In Book I of Gulliver’s Travels, Gulliver lives in a world where he can be “above it all.” He can afford to be open-minded and generous because most issues don’t really affect him. Although he is, as his name suggests, gullible, it is gullibility that he can get away with.
I stress this point because I think that deliberate naivete is one way that people choose to live with the leaders they favor. They assume that the leader embodies the ideals that they believe in, and they are able to persist in this belief by taking the leader’s words at face value. Their gullibility serves as a shield against disillusion. They simply do not look too hard. They allow themselves to be fooled.
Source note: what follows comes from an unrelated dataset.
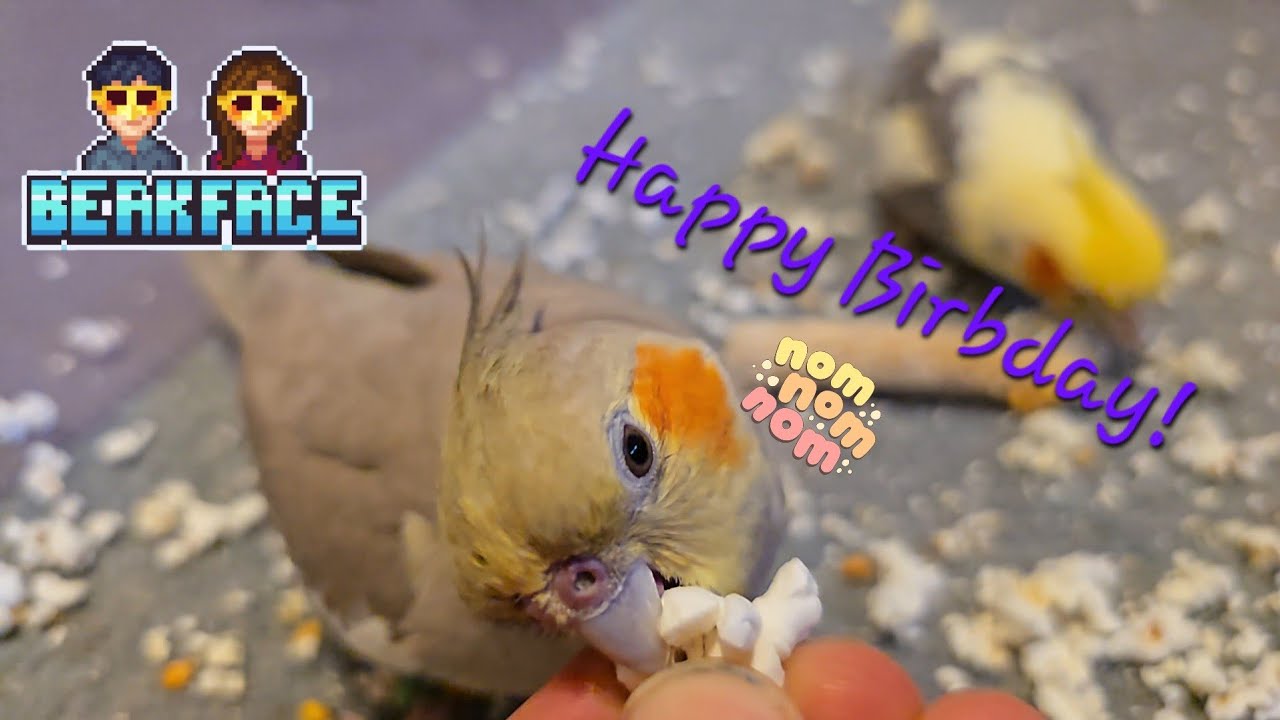 Cockatiel Birbday Popcorn Treat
Swift wonderfully uses his story about size disparity to make this point. Gulliver never questions the emperor’s claims that he is the most powerful monarch in the world. In fact, we are treated to a hilarious scene where the “man mountain” prostrates himself before a four-inch figure. Gulliver describes, very matter of factly, the ridiculous games that courtiers must participate in to succeed at court. He reports, seemingly without judgment, the horrendous suffering that emerges in the wars between the Big Endians and the Small Endians (over whether to break an egg at the large or the small end). Although Lilliputians prove to be vicious little creatures, you would never know that from Gulliver’s responses.
And then Swift shows Gulliver becoming a target of that viciousness. He has helped the Lilliputians win a major sea battle against the kingdom of Blefescu. (Essentially he is the ultimate weapon, the nuclear bomb, on the international scene.) But instead of thanking him, the Lilliputians decide that they can use him to make a destroy Blefescu altogether. When he does the principled thing and refuses, they turn on him as a traitor and try to figure out ways, first to kill him and then (magnanimously) merely to blind him. Gullible Gulliver at this point becomes utterly confused. None of the reasoning makes sense to him but, since he has invested in blind acceptance, he is not in a position to critique anything.
What does he do? He runs away. This is one of the illusions of the disillusioned believer: when things don’t go our way, we fantasize about leaving. (It seems almost a ritual response in recent American elections to hear people talk about leaving the United States when it lets them down by electing the other guy. Following Obama’s election the Texas governor even mentioned secession.) It seems easier to have such fantasies than face up to the fact that working for what we believe in can be emotionally tough.
So here is one thing to take from Gulliver’s Travels: don’t hide behind naivete, afraid that your wonderful belief in your leaders and in your country will be shattered if you don’t. When your country deviates from its ideals (as Lilliput has), call it out. Denial won’t help you, nor will fantasies of moving to another country or retreating to a place “outside it all.” If you do, sooner or later their decision will impact you.
Oh, and keep a Swiftian sense of humor in the process. See the Lilliputians, and see human beings (including yourself) as the funny little creatures they/we are. No matter how you idealize yourself, you don’t tower above other people. You are just as small as they are. So laugh at them and laugh at yourself. It’s a way of keeping things in perspective.